* [Task prompt] Look below for the line that has "On that sundial"; output exactly from it through the line that has "Unfortunately, it doesn't", and leave the pictures out.

* [The input]
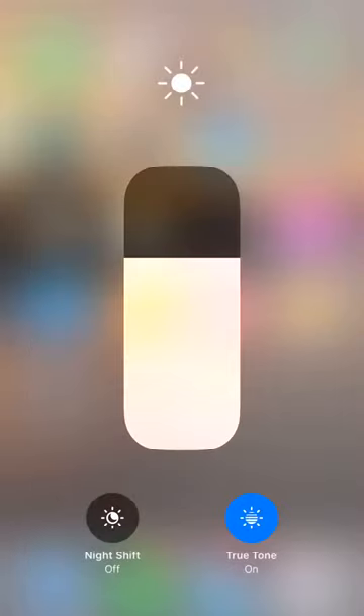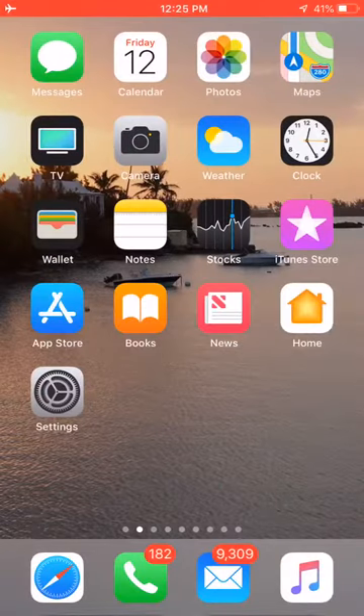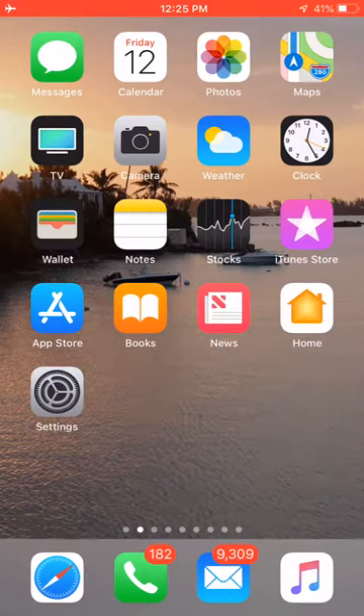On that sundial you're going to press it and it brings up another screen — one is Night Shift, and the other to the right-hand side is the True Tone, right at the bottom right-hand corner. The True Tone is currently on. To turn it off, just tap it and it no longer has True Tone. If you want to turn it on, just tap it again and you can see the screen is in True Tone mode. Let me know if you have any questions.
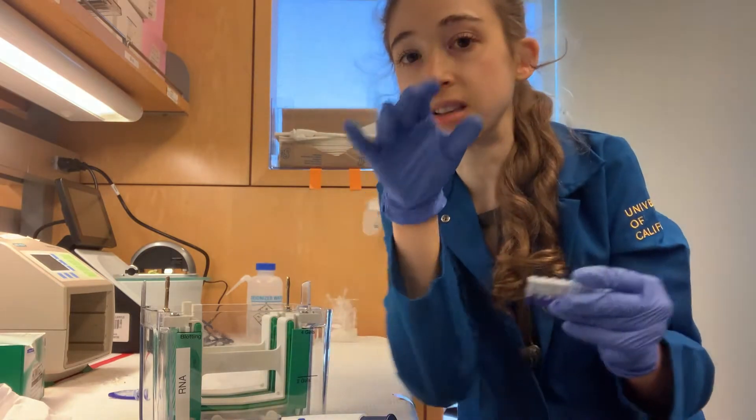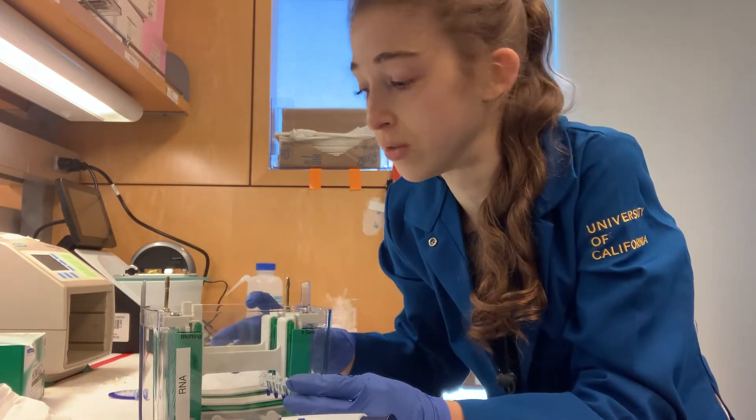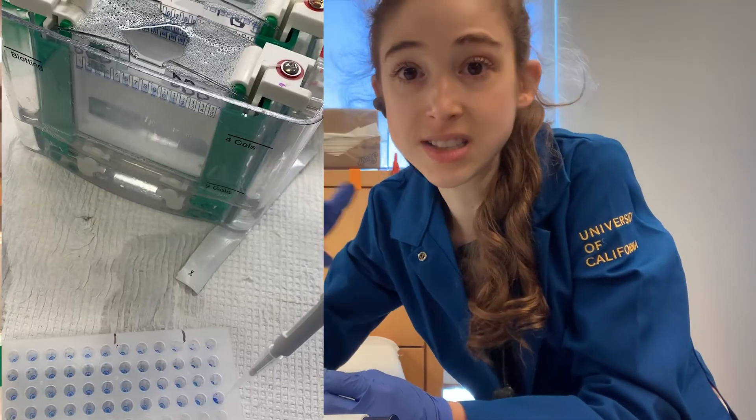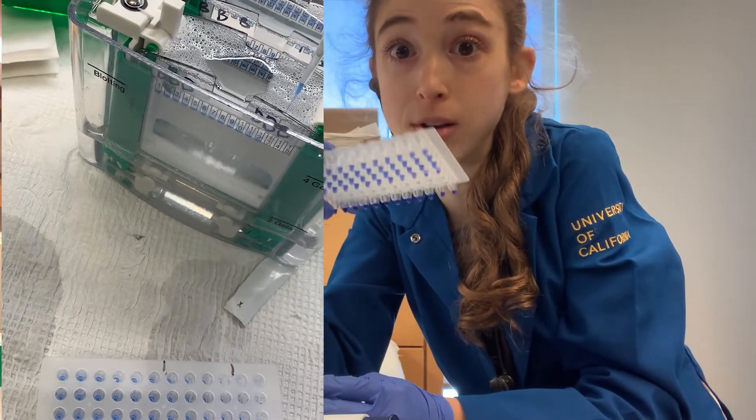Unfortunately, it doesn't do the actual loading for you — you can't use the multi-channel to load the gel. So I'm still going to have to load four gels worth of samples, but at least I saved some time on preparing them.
...
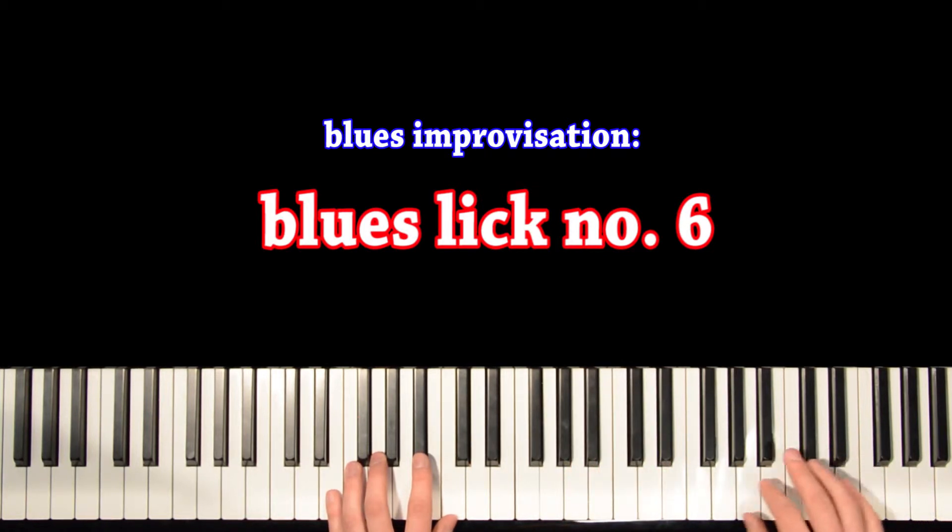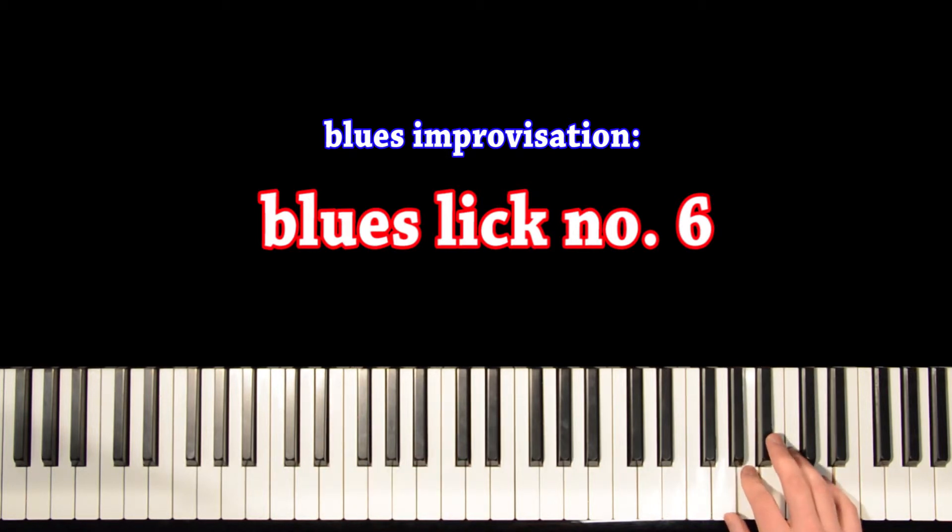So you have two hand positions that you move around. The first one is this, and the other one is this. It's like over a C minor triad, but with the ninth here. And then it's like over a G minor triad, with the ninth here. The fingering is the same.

* [Expected answer]
On that sundial you're going to press it and it brings up another screen — one is Night Shift, and the other to the right-hand side is the True Tone, right at the bottom right-hand corner. The True Tone is currently on. To turn it off, just tap it and it no longer has True Tone. If you want to turn it on, just tap it again and you can see the screen is in True Tone mode. Let me know if you have any questions.
Unfortunately, it doesn't do the actual loading for you — you can't use the multi-channel to load the gel. So I'm still going to have to load four gels worth of samples, but at least I saved some time on preparing them.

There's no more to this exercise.